ANTONIO NAVALÓN 31 de enero de 2016
En el
último tramo del siglo XX y en el primero del XXI, la historia nos ha mostrado
tres transiciones que han sido un modelo de éxito y eficiencia. Una, la
española, referente para la mayor parte de América Latina. Otra, la chilena,
basada en la capacidad para imponerse a un militar en el ejercicio de su poder.
Y finalmente, la brasileña, que incorporó a las izquierdas, a aquellos que no
tenían techo y a los que nunca habían tenido la oportunidad de gobernar. Sin
embargo, ahora las tres se encuentran en graves problemas por causas comunes y
una de ellas es la metástasis de la corrupción.
En ese
sentido, España, en medio de un bipartidismo acabado, de una Transición que se
extingue, de la necesidad de reformar la Constitución y de cambios para los que
los políticos no estaban preparados, se va desgastando por el flujo incesante
de casos relacionados con el gobernante Partido Popular y sus redes de
corrupción.
Entre
esas redes, se perfilan pautas que explican por qué los Estados están
fracasando y la razón de que se haya interrumpido el diálogo, basado en la
credibilidad moral, entre gobernantes y gobernados.

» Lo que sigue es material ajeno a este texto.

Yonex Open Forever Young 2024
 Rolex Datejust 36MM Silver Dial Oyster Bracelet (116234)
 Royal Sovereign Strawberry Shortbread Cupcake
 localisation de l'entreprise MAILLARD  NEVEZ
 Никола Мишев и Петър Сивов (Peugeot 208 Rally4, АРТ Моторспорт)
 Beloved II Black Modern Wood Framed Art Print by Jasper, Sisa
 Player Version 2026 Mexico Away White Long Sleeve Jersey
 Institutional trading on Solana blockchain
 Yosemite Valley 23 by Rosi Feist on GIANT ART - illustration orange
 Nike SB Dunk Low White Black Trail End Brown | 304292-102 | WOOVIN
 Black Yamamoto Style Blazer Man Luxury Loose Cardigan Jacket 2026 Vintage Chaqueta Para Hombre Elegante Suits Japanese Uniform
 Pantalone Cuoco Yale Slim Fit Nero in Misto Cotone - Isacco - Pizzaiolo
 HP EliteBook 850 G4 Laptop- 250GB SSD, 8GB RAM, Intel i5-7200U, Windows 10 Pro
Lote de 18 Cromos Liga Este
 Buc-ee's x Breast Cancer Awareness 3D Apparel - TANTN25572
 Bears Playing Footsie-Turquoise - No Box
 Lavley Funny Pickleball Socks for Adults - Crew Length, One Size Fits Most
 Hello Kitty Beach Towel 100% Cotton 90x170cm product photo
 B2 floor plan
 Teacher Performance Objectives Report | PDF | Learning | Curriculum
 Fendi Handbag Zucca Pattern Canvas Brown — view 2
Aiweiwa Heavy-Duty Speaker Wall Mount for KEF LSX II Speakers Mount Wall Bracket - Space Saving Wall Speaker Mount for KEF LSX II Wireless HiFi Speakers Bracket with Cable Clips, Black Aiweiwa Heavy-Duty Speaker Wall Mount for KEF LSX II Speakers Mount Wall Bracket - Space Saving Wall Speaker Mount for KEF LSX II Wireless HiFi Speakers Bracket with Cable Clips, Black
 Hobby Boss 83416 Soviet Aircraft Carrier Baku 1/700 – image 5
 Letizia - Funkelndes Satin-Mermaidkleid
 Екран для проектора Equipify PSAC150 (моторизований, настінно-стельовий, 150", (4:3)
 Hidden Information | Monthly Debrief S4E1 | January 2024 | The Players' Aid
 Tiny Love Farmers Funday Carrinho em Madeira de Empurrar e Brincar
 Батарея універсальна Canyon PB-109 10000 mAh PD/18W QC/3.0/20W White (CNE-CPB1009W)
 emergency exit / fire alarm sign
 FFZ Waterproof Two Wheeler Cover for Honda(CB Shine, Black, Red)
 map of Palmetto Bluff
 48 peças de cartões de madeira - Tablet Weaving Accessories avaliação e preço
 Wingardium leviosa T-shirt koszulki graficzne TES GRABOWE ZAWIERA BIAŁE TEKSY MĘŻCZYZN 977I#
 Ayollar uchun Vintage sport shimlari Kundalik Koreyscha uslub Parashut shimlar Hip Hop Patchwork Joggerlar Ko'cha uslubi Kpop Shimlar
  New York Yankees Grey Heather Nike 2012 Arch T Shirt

Por ejemplo, las últimas
detenciones han revelado que, mientras todos los reflectores se enfocaban en la
trama Gürtel, el Partido Popular y los suyos establecieron otra red de
corrupción paralela que se mantuvo oculta, en cierta medida, gracias a la
anterior.
Mientras,
en Brasil ya no se sabe qué es peor: si la crisis económica o la moral. En el
caso brasileño, lo que no estaba contemplado —como ocurrió en España o ahora en
Chile— era que para consolidar las transiciones, incluir a los pueblos y
establecer la democracia, se crearon dos tipos de moral. Una, al estilo del
Medievo, en la que la Iglesia delinea una pauta moral para el pueblo. Y otra,
la que corresponde a los privilegiados de la clase política.
No
solo se ha terminado el modelo que actualizaba moralmente los proyectos
nacionales, sino que ahora las clases políticas han entendido que, en su
derecho adquirido por traer o incrementar la libertad, hubo muchos que
incluyeron la vulneración de las leyes, a un coste muy elevado para la política
moderna.
Todo
eso ha destrozado los liderazgos morales y, si a ese panorama se le abona la
incapacidad para salir de la crisis económica, nos encontramos en una especie
de Atlántida de la democracia, donde los errores y los abusos cometidos en el
milagro democrático están matando el continente de las libertades.
No
tengo ninguna duda de que la presidenta chilena, Michelle Bachelet, ha sido una
política honesta y de que el proceso de transición desde el juicio de Augusto
Pinochet hasta los últimos años fue un gran modelo a seguir, pese a que ahora
toda la credibilidad de la presidencia, toda la historia de la propia Bachelet
—padre asesinado, vida en el exilio— y sus dos mandatos están en riesgo. En
esta ocasión, no fue el hijo —Sebastián Dávalos Bachelet, acusado de estafas y
corruptelas— sino la nuera, Natalia Compagnon, acusada de evasión fiscal y a la
que se le ha prohibido salir del país. Sin embargo, la víctima sigue siendo la
misma, es decir, la credibilidad del sistema. E independientemente del costo
que eso le genere a Michelle Bachelet, lo más importante será el costo para los
valores y el sistema político chileno, el divorcio entre las nuevas
generaciones y aquellos a los que nos tocó protagonizar y vivir las
transiciones.
Pero
lo que no debemos olvidar es que una vez que estos países consiguieron la
libertad, las clases dirigentes debieron percatarse de que, en primer lugar,
era necesario mantener la coherencia con el mandato moral que sus propios
pueblos les otorgaron, y después, dar los pasos siguientes para consolidar la
transición.
Por
último, tener la suficiente habilidad para, aún con los referentes económicos y
políticos desmoronados, idear programas dirigidos a sus ciudadanos y una
estrategia democrática que permitiera a cada país —independientemente de que
formaran parte de la Unión Europea, como España, o de pertenecer a diversas
alianzas como Brasil y Chile— estructurar su propio modelo.